Bernard Lewis, Comment l'Islam a découvert l'Europe, Paris, La Découverte, 1984, p. 191 :
"Nombre d'Européens se livraient à l'exportation d'esclaves dans le monde musulman. Il y avait des chrétiens, des juifs, des citoyens des grandes villes marchandes d'Italie et de France,
ainsi que des Grecs opérant en Méditerranée orientale. Dès le VIIIe siècle, ces derniers commencent à subir la concurrence des Vénitiens dont les activités dans ce domaine furent importantes."

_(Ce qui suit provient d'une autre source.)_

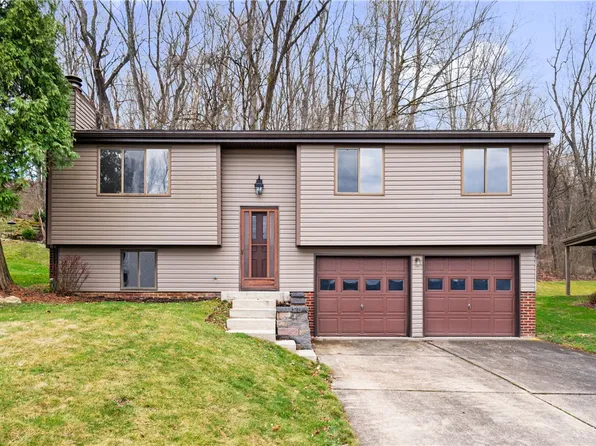 1248 Armstrong Dr, South Park, PA 15129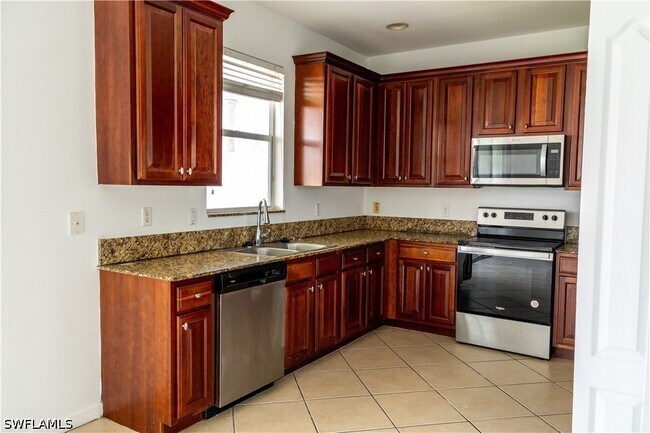 Building Photo - 7029 Ambrosia Ln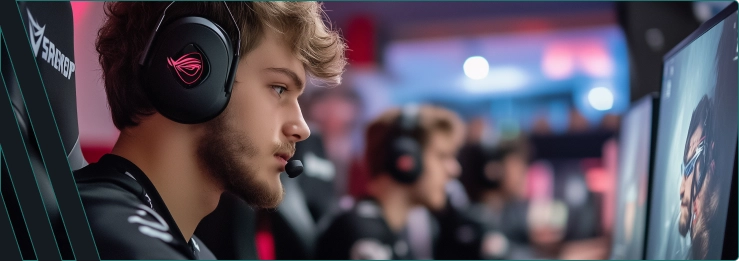 Een jongen met een koptelefoon op zit voor de computer en speelt een spel.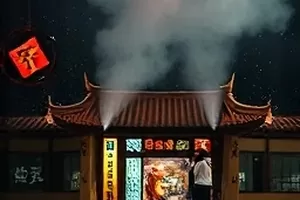 《长夏未完》傍晚天台晾着白衬衫与风扇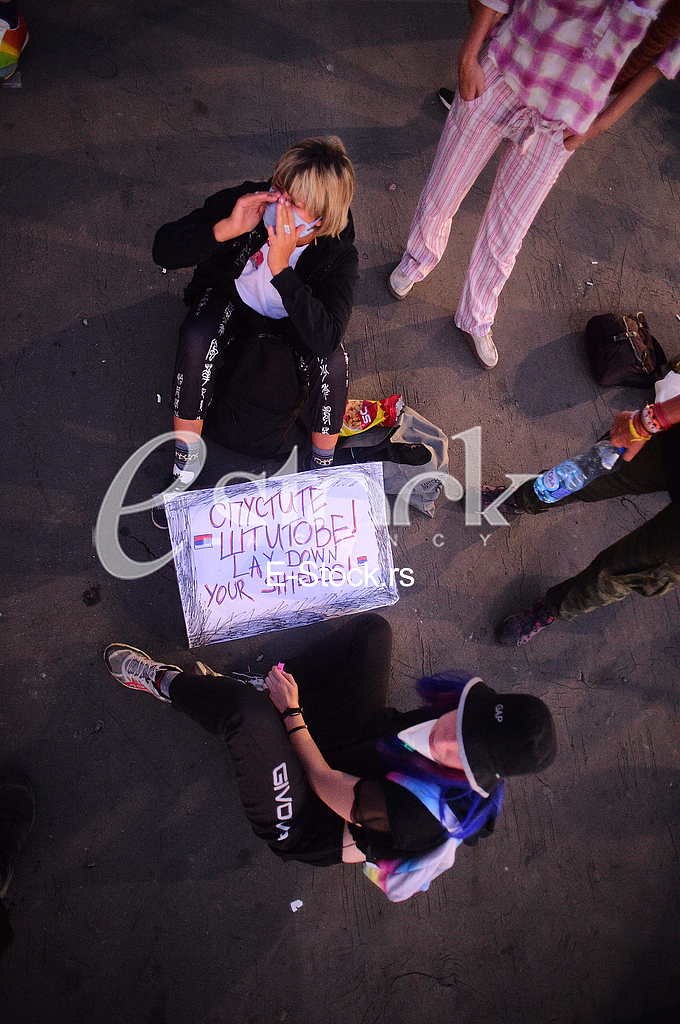 Protest Ne nasedaj, sedi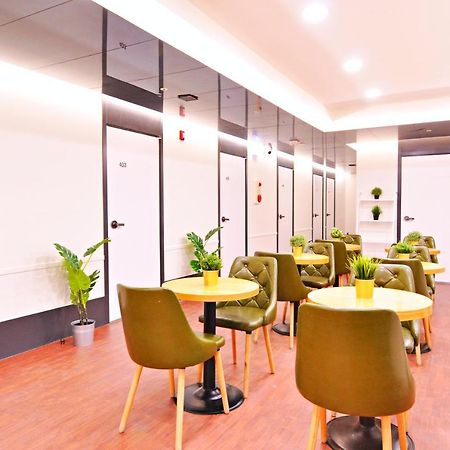 Oyo Hostel Myeongdong 3 Сеул Экстерьер фото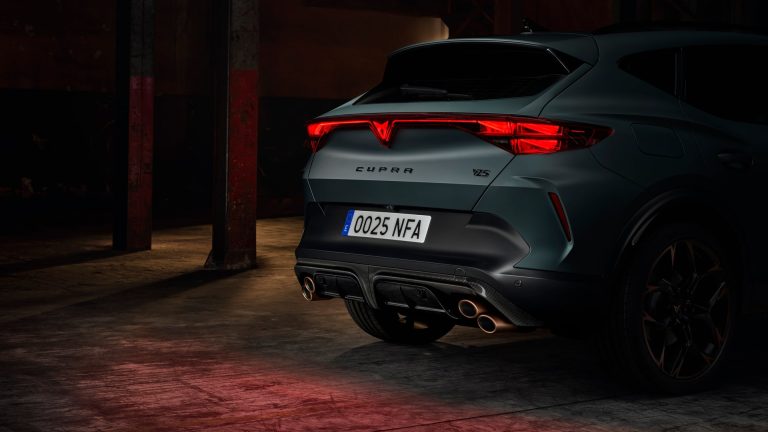 Cómo elegir un SUV PHEV para uso urbano en 2026 sin caer en la trampa del consumo con batería vacía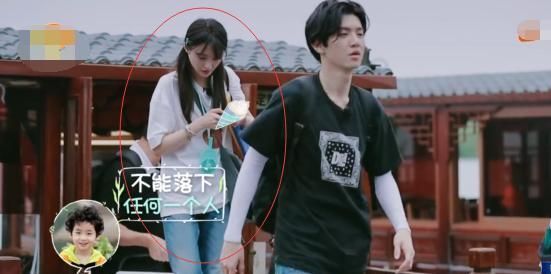 帮忙洗白|郑爽带娃录综艺,玩手机被批不敬业,节目组帮忙挽尊却闹出笑话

Youval Rotman, Les esclaves et l'esclavage : de la Méditerranée antique à la Méditerranée médiévale, VIe-XIe siècles, Paris, Les Belles Lettres, 2004, p. 78 :
"Sur cette carte, Byzance représente le principal marché consommateur d'esclaves slaves en dehors du monde arabe. Les Byzantins sont ainsi en concurrence avec les Arabes pour ce type de marchandise."

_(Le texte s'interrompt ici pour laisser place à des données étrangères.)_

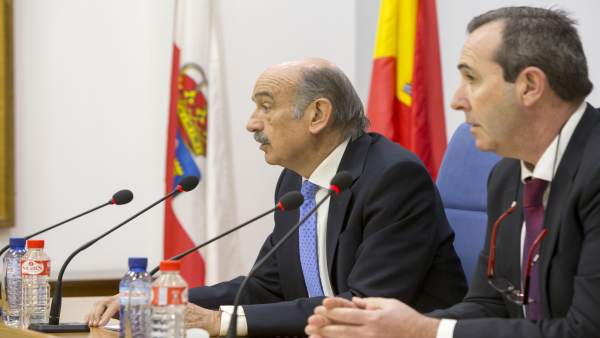 El consejero José María Mazón presenta la modificación decreto de rehabilitación El consejero José María Mazón presenta la modificación decreto de rehabilitación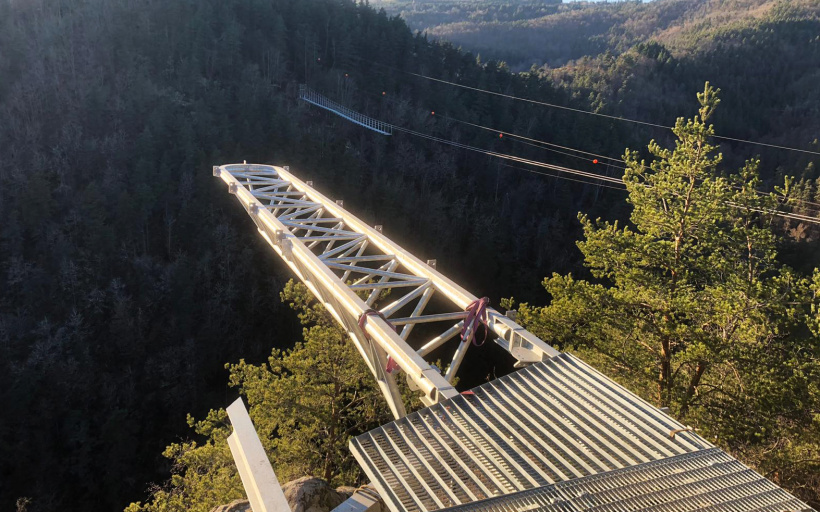 La pointe du Belvédère et, au loin, la passerelle la plus longue de France.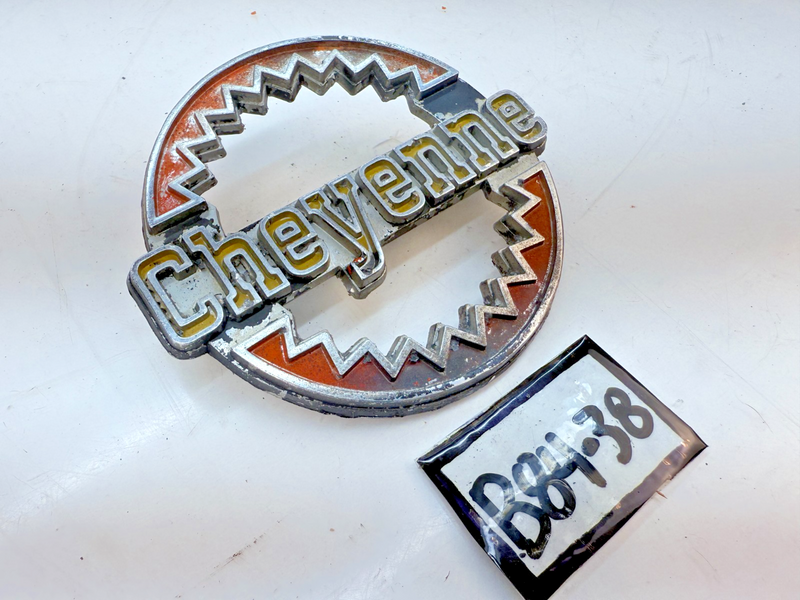 1976 - 1980 Chevrolet Cheyenne Blazer K5 Emblem Squarebody Chevy 330316 B84-38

Claude Cahen, Douanes et commerce dans les ports méditerranéens de l'Egypte médiévale d'après le Minhādj d'al-Makhzūmī, Leyde, E. J. Brill, 1964, p. 232-233 :
"(...) la situation aussi bien du haut Moyen Age, où Juifs et Italiens exportaient en pays musulmans méditerranéens les esclaves slaves ramassés en Europe centrale et balkanique, que du bas Moyen Age, où les Gênois vendaient en Egypte,
avec la complicité de Byzance, les esclaves slaves, turcs ou tcherkesses ramassés autour de la Mer Noire."
John Tolan, "Le Moyen Age", in L'Europe et l'islam : quinze siècles d'histoire (ouv. col.), Paris, Odile Jacob, 2009, p. 90 :
"Un des principaux produits d'exportation de l'Europe, entre le VIIe et le XIIe siècle, fut les esclaves. Nous avons vu comment pirates et corsaires (arabes,
grecs, italiens, catalans et autres) se livrent à des razzias et s'enrichissent aux dépens des captifs qui sont soit rançonnés, soit vendus en esclavage. Il y avait aussi un commerce considérable d'esclaves originaires du nord et de l'est de l'Europe, capturés par des armées ottoniennes,
byzantines ou slaves, ou vendus par leurs parents. Nous avons évoqué le rôle important que jouaient les
Saqâliba (Slaves) dans les pays arabes, notamment au sein des armées umayyades d'Espagne. Ils sont si nombreux en Europe qu'on ne dit plus
servus, le mot classique pour désigner le serviteur non libre, mais plutôt
esclavus, « slave »."
Michel Rouche, Histoire du Moyen âge : VIIe-Xe siècle, Bruxelles, Complexe, 2005, p. 231 :
"Le premier doge [vénitien] Paul et son successeur Orso ne tardent pas à étendre leur domination maritime, tandis que
leurs marins vendent du bois et des esclaves slaves aux Byzantins et aux musulmans."
Voir également :
L'antagonisme gréco-slave
Les Grecs plus slavophobes que turcophobes ?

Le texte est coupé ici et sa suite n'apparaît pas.